Como pudeste encontrar bálsamo quando eu estava perto e partindo? 
Ai de mim! Vazio está o quarto perfumado onde espera em vão nossa cama colorida. 
E vazia está a sala de mármore onde morrem os ecos das canções de amor. 

Assim que o falso califa ouviu esta canção, rasgou a roupa e desmaiou. Harun Al-Rachid e seus companheiros repararam que seu corpo estava coberto de marcas de flagelo.

 - Pena que um jovem tão bonito carregue esses estigmas que o denunciam como um criminoso fugitivo, disse o califa.

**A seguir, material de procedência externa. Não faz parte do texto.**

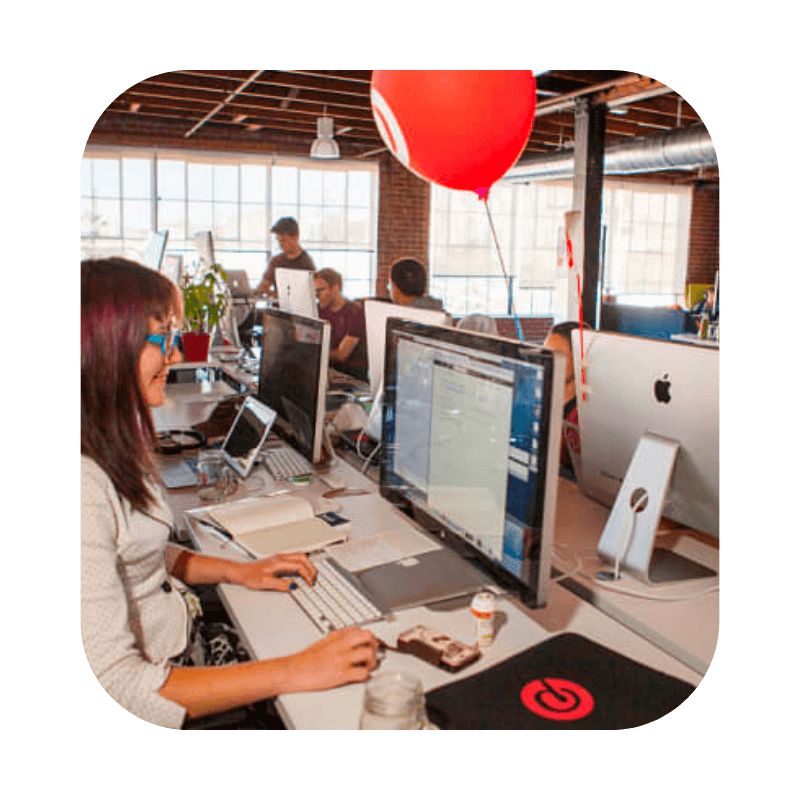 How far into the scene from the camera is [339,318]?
469 centimetres

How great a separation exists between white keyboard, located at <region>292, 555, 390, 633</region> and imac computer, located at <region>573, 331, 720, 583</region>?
555 millimetres

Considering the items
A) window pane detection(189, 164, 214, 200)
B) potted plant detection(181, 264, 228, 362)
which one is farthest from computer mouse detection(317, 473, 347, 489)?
window pane detection(189, 164, 214, 200)

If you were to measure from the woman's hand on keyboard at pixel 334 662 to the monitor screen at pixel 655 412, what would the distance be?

Mamelucos apressaram-se em acordar o jovem e cobri-lo com vestidos tão suntuosos quanto os que rasgara. 

- Pergunta-lhe a causa dessas marcas, pediu o califa a Jafar. Mas Jafar opinou que seria melhor não se precipitar para não despertar suspeitas. 

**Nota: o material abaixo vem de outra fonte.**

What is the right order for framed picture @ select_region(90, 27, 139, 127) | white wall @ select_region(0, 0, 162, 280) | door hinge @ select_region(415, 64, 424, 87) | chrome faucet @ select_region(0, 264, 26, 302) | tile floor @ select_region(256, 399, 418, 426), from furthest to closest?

- Pergunta, insistiu o califa. Senão teu corpo estará buscando uma cabeça quando voltarmos ao palácio. 

Jafar obedeceu. O jovem sorriu e disse: “Já que sois estrangeiros, contar-vos-ei minha história. Ela é tão estranha que se fosse escrita com uma agulha no canto interno dos olhos, serviria de aula a quem gosta de instruir-se.” E começou: “Meus senhores, eu não sou o Comandante dos Fiéis, mas apenas Mohamed-Ali, filho do síndico dos joalheiros de Damasco. Quando meu pai morreu, legou-me muito ouro e prata, inúmeras pérolas, rubis e esmeraldas. Legou-me também edifícios, terras, jardins, lojas e este palácio com seus escravos e escravas. 

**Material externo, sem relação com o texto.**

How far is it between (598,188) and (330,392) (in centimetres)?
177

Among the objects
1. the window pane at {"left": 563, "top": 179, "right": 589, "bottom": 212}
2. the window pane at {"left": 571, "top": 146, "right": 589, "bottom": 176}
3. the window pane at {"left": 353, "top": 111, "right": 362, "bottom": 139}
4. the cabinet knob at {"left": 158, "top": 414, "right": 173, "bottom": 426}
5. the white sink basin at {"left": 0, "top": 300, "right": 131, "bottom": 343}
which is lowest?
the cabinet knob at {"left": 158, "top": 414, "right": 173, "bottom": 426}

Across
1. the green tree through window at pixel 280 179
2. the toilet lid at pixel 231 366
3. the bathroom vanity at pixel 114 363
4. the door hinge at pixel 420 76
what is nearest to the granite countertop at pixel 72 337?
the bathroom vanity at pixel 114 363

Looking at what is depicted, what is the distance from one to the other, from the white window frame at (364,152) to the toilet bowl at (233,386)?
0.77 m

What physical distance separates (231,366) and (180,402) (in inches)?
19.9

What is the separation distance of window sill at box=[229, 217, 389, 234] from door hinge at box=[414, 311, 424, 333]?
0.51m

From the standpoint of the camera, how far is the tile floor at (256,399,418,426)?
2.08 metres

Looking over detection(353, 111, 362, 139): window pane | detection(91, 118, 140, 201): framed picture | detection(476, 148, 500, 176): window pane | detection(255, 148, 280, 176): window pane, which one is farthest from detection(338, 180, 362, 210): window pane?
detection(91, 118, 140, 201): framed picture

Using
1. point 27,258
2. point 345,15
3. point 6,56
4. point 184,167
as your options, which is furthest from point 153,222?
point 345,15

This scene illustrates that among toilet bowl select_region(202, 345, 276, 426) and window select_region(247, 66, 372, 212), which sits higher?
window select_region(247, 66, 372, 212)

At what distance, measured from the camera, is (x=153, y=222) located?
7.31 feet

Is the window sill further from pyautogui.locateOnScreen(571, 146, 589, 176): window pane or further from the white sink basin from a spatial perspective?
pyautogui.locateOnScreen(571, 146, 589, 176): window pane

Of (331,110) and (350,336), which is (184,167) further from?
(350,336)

“Um dia, estava na minha loja quando vi apear de um cavalo arreado uma jovem de beleza lunar. Entrou acompanhada de seus servidores, e perguntou-me: Não és Mohamed-Ali o joalheiro?” Respondi: “Não sou apenas Mohamed-Ali. Sou também teu escravo.”

“- Terias algum adorno bonito que possa agradar-me? 

“Mostrei-lhe os mais belos colares que tinha. Nenhum lhe agradou. Lembrei-me então que meu pai comprara certa vez um colar de inigualável beleza que guardara num cofre especial. Trouxe-o. Assim que a jovem o viu, exclamou: “É este o colar que sempre procurei, quanto custa? 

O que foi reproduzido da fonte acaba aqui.